Exclude the pictures, then repeat exactly each line from the one containing "Exclusive Dress Womens" to the final line of the records that follow.

*Record set:*
>>>
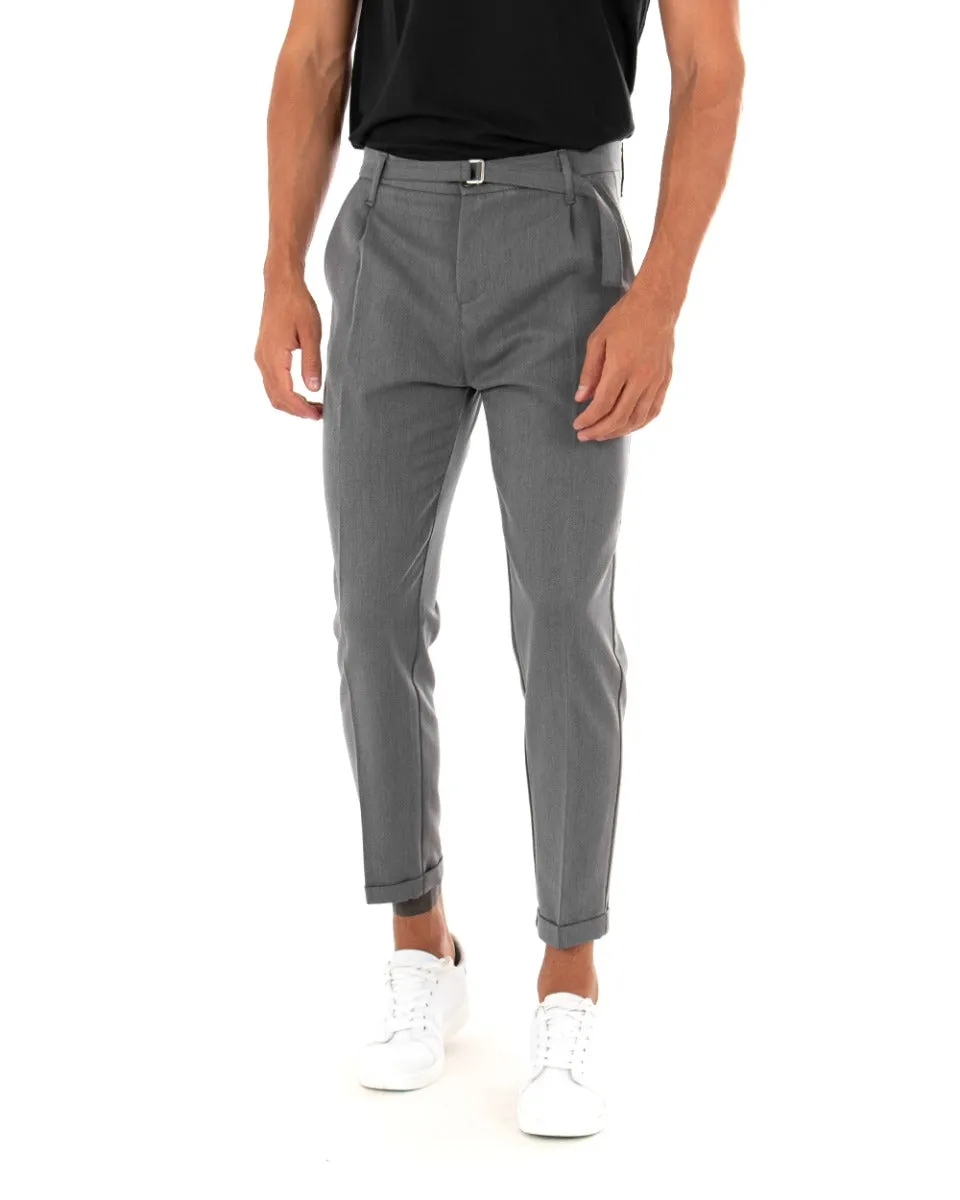 Pantaloni Uomo Tasca America Con Fibbia Pinces Classico Tinta Unita Grigio GIOSAL-P3919A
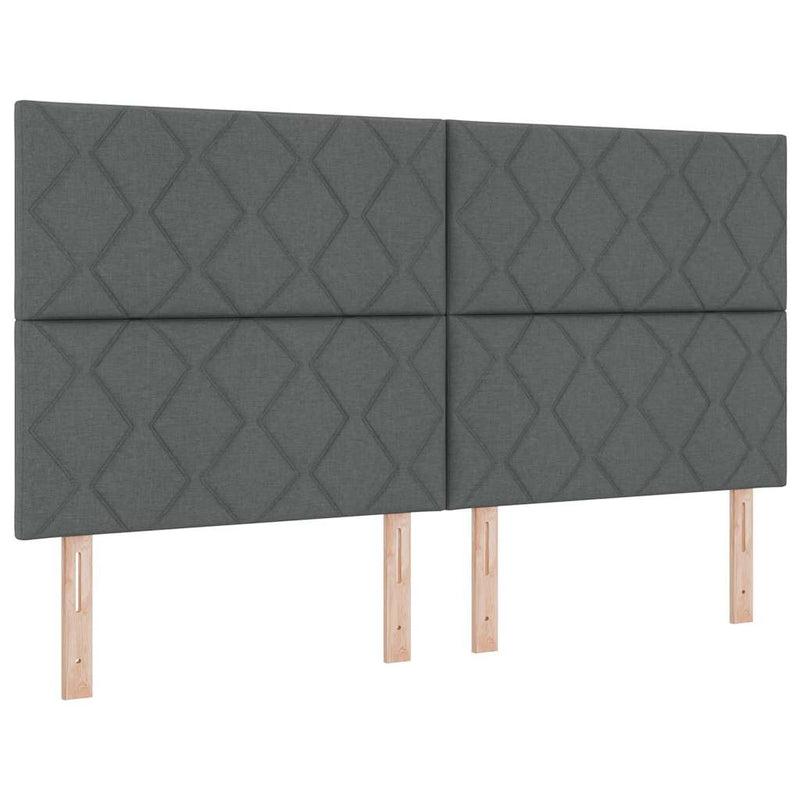 vidaXL Boxrugós ágy matracmal Sötétszürke 180 x 200 cm szövet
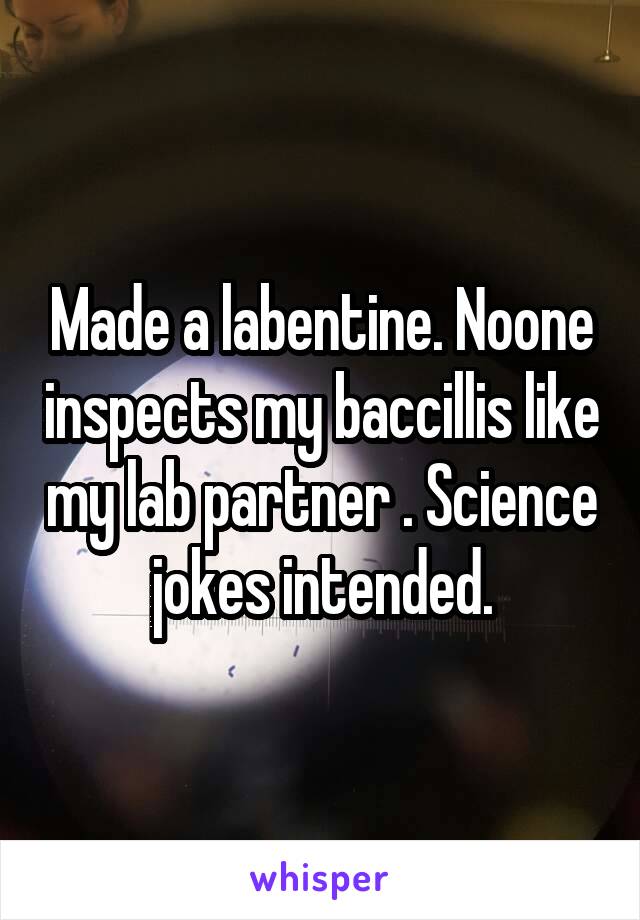 Made a labentine. Noone inspects my baccillis like my lab partner . Science jokes intended.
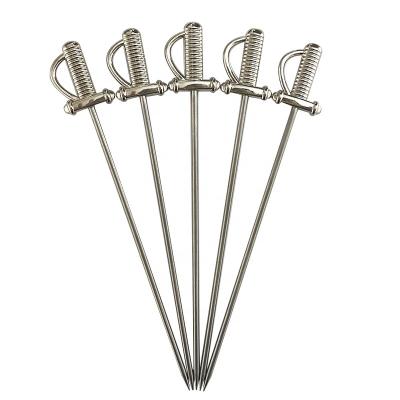 China Sustainable Stainless Steel Metal Cocktail Sword Shaped Fruit Picks Bar Tools For Party for sale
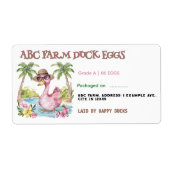 Waterverf Schattige Eend Ei Karton Label (Voorkant)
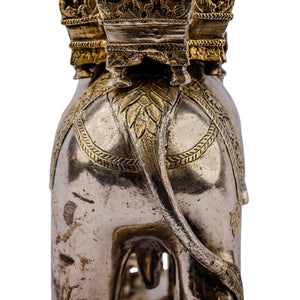 A fine and rare early 19th century Indian silver and parcel gilt Elephant toy.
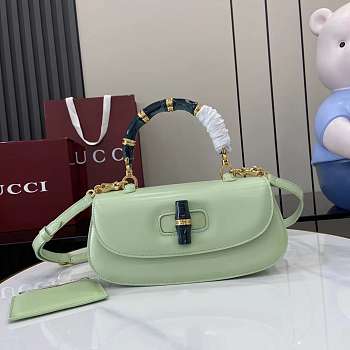 	 Gucci Bamboo Diva medium bag in green - 26.6x 13x 8cm
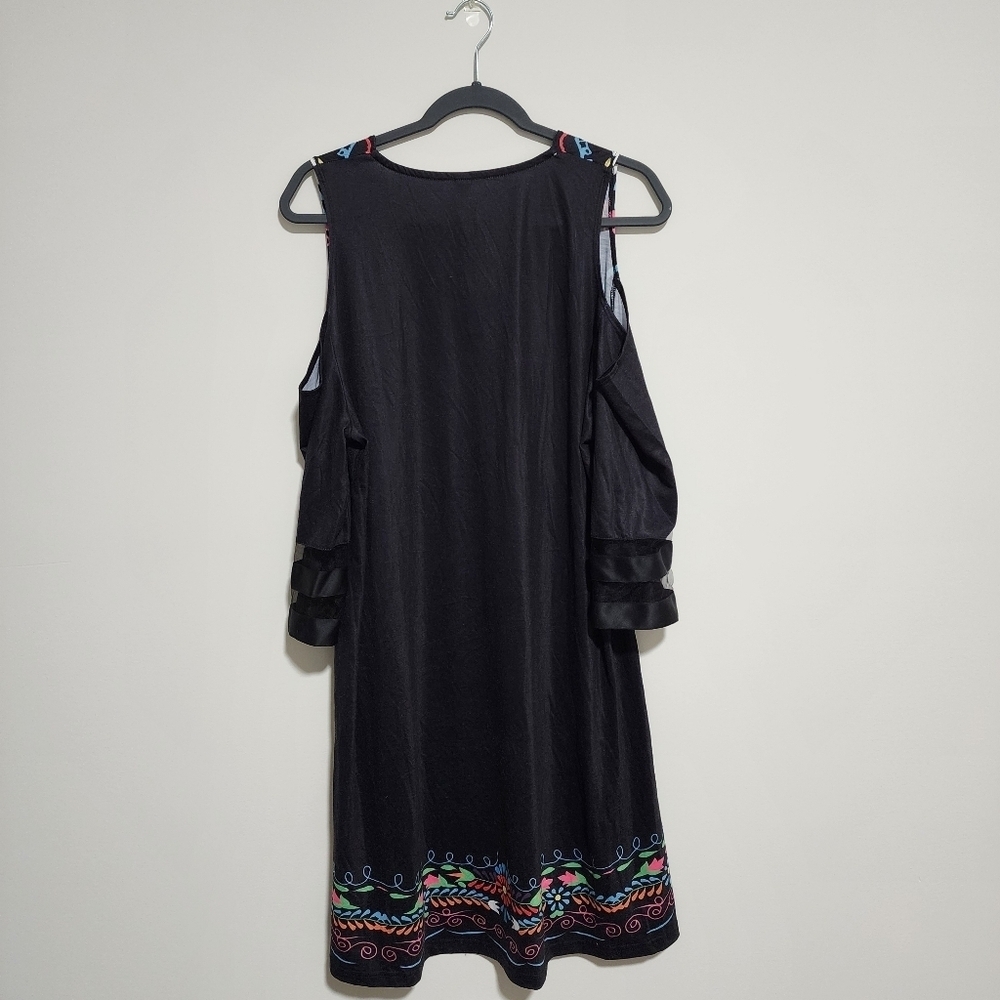 Exclusive Dress Womens Size XXL Black Embroidered Cold Shoulder Boho - Picture 4 of 6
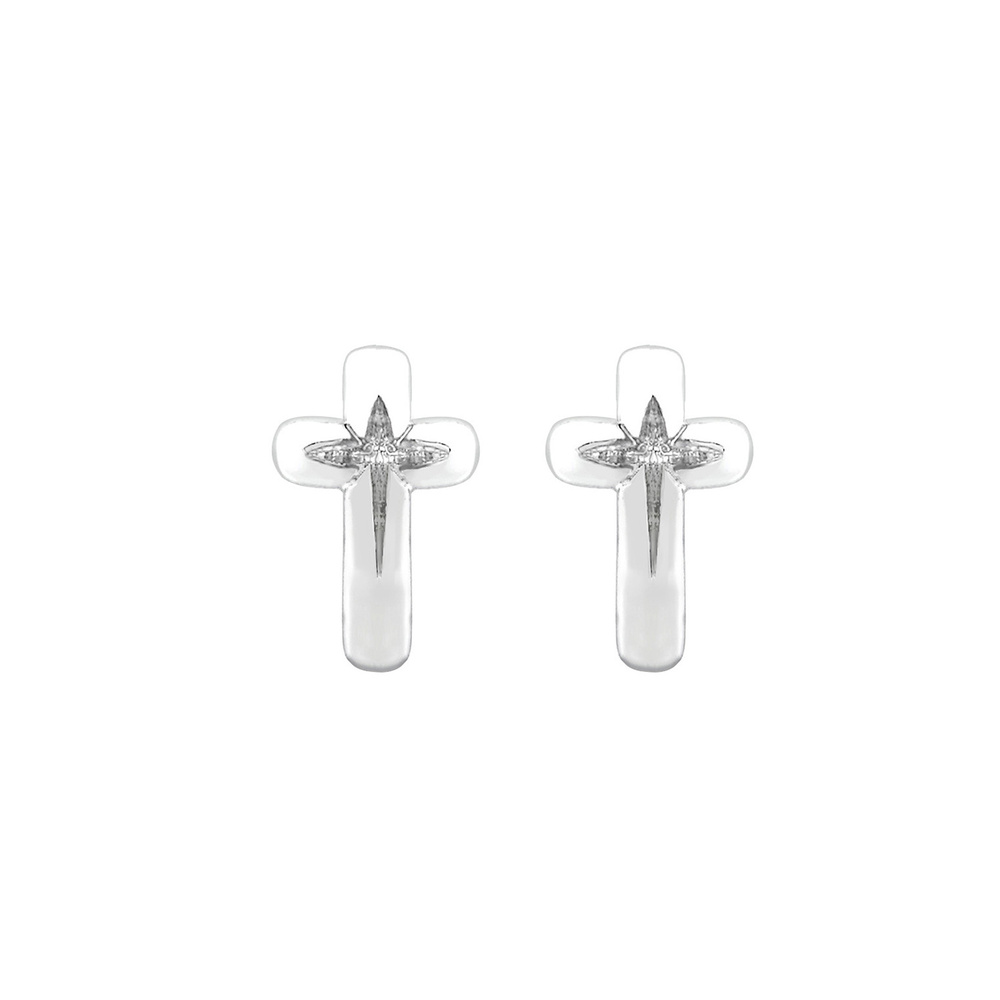 Elli Elli Boucles d'Oreilles Femme Motif de Croix Moderne en Argent Sterling 925 Boucles d'oreilles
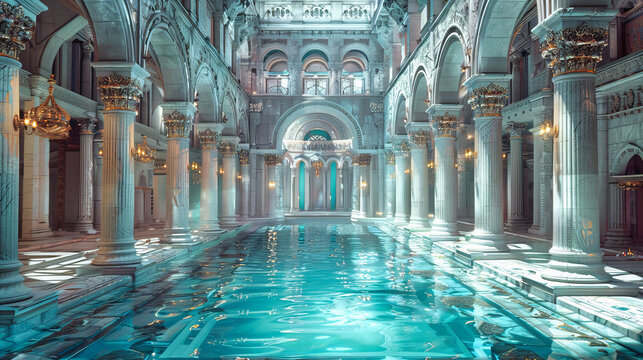 Ancient Basilica Cistern in Istanbul, Historic Underground Reservoir, Majestic Byzantine Architecture in Reflection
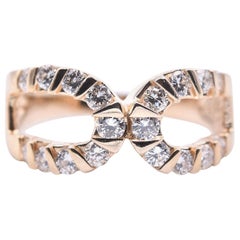 14 Karat Yellow Gold 0.72 Carat Diamond Loop Ring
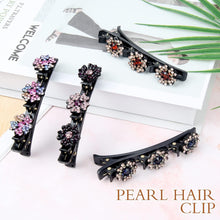 Hair Clips for Women Girls, 4 Pieces Braided Hair Clips, Sparkling Crystal Stone Hair Bands Double Layer Hair Clips, Flower Side Hair Clip Pearl Hair Clip for Girls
<<<
*Written reply:*
 Exclusive Dress Womens Size XXL Black Embroidered Cold Shoulder Boho - Picture 4 of 6
 Elli Elli Boucles d'Oreilles Femme Motif de Croix Moderne en Argent Sterling 925 Boucles d'oreilles
 Ancient Basilica Cistern in Istanbul, Historic Underground Reservoir, Majestic Byzantine Architecture in Reflection
 14 Karat Yellow Gold 0.72 Carat Diamond Loop Ring
 Hair Clips for Women Girls, 4 Pieces Braided Hair Clips, Sparkling Crystal Stone Hair Bands Double Layer Hair Clips, Flower Side Hair Clip Pearl Hair Clip for Girls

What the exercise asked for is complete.